In my view, despite the improvements or most of the improvements we are seeing in the Senate Finance Committee, I think that, frankly, there is a lot more that must be done in the economic stimulus package, and it should be done for two reasons. No. 1, for 7 years, we have had a President who has turned a blind eye to the middle class and working families and lower income people in this country; at a time, in fact, when poverty is increasing, his contribution to the process was to propose major cutbacks in one program after another. I think it is time now that Congress pay attention to the needs of the middle class, lower income people, and start addressing their needs rather than just upper income people who have received so much over the last 7 years. Specifically, we must provide help to those most in need, particularly senior citizens on fixed incomes, low-income families with children, and persons with disabilities.
We must strengthen the middle class in this economic stimulus package, and we must put Americans back to work at good-paying jobs by paying attention to our infrastructure, which has so long been neglected with the results being that we have bridges and roads and culverts and school buildings that are in desperate need of repair.
If we fail to pass an economic stimulus package that does not accomplish all three of these goals, we will have missed out on an important opportunity to strengthen our economy and to help those people most in need.
Here are just a few steps that I believe we should be taking.

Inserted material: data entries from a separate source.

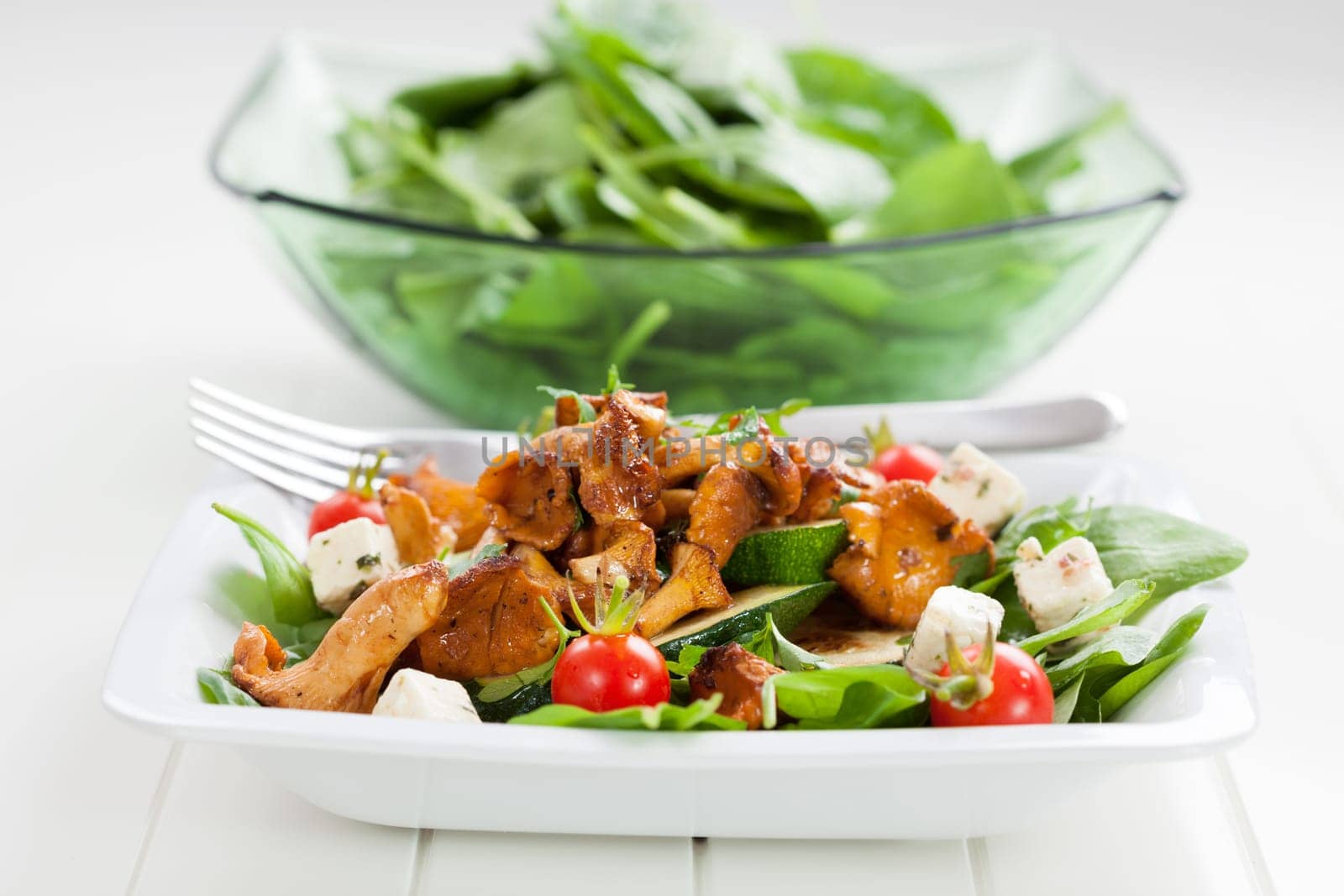Spinach salad with roasted chanterelle mushrooms on grilled zucchini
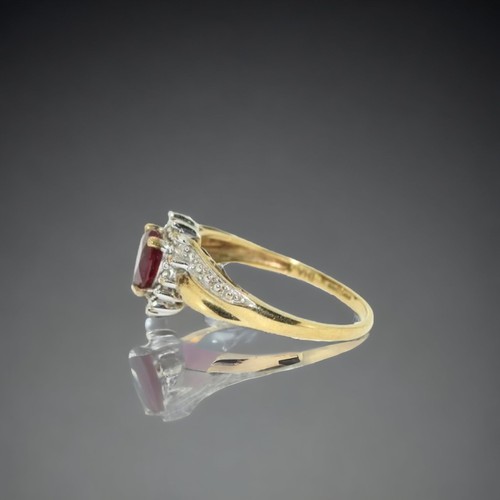 152 - A9ct gold ladies Diamond and Ruby heart ring.
Size P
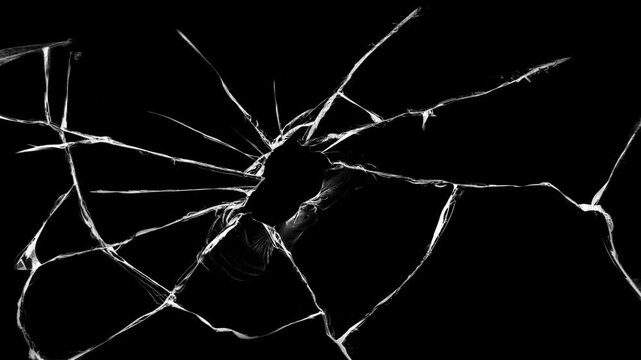 Broken cracks glass fracture effect texture abstract black background. Dynamic cracked screen overlay with sharp glass fractures in a dark background.
Dynamic explosion of a glass shattering.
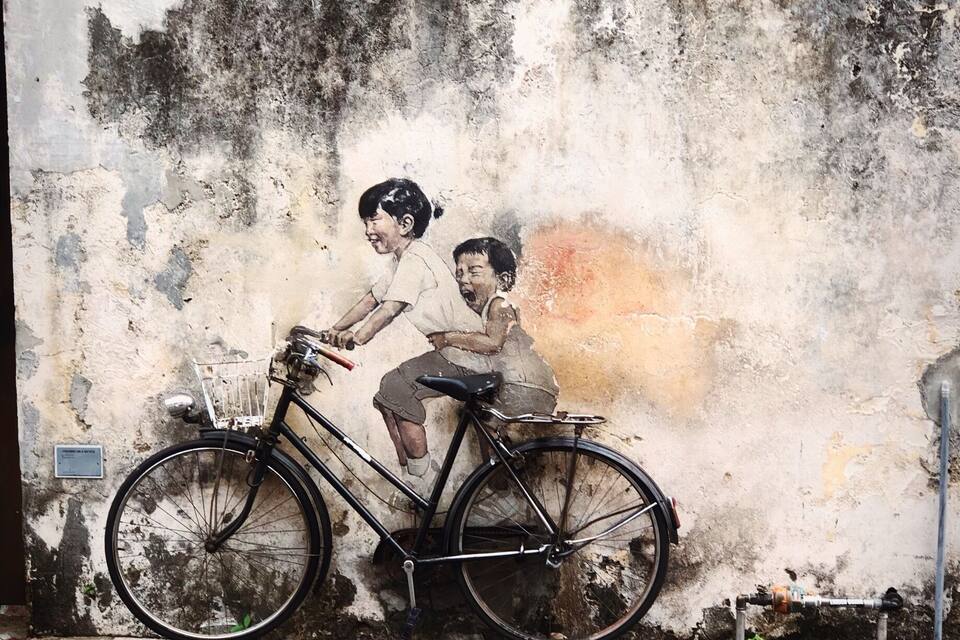 A mural of two children on a bicycle against a weathered wall.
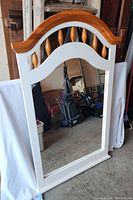 Front view of standing mirror showing white frame with natural wood curved top and spindle accents.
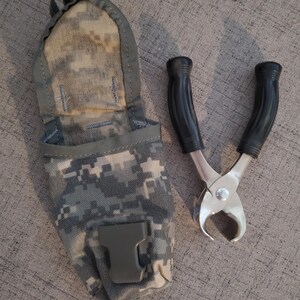 May include: A pair of metal pliers with black handles and a camouflage pouch. The pliers have a curved cutting edge and are made of shiny metal. The pouch is in a digital camouflage pattern.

First, I believe we should increase the stimulus package by at least $25 billion. I also believe we should reduce the business tax breaks by at least $25 billion. Mark Zandi from Moody's has estimated that the business tax breaks contemplated by Congress would yield very little stimulus to the economy, much less than increasing food stamps or unemployment benefits. In other words, if the goal is to stimulate the economy, the tax breaks being proposed for the business community in many ways would have much less of an impact than many other proposals, such as increasing food stamps or unemployment benefits.
If we did those two things--increase the stimulus package by $25 billion and reduce the business tax breaks by $25 billion--that would leave us with an additional $50 billion. What can we do, what should we do with this $50 billion? We could complete the picture. We can put Americans back to work at decent-paying jobs, we can help those who are most in need, and we could strengthen the middle class.
How do we do that? Specifically, I believe we should provide $5 billion for an expansion of the Food Stamp Program. In America today, poverty is increasing. We are seeing levels of desperation in the State of Vermont and all over this country that we have not seen in many years. Food shelves in the State of Vermont and throughout this country are running out of food. I understand that in the agriculture bill, there are proposals to increase food stamps, but we do not know when that farm bill is going to be passed. We have to act now. Let's support our neighbors who are having a hard time feeding their families. Let's substantially increase food stamps and do it in this economic stimulus package.
What else should we be doing? I can tell my colleagues, coming from one of the coldest States in America, at a time when home heating fuel prices are soaring, it is absolutely imperative that we significantly increase funding for the LIHEAP program. Many of the people on LIHEAP are senior citizens, and the rest are low-income people. With fuel prices soaring, with poverty increasing, more and more people are having a difficult time keeping their homes warm. We must significantly increase LIHEAP funding. The economists tell us that is also an important mechanism if we are going to stimulate the economy.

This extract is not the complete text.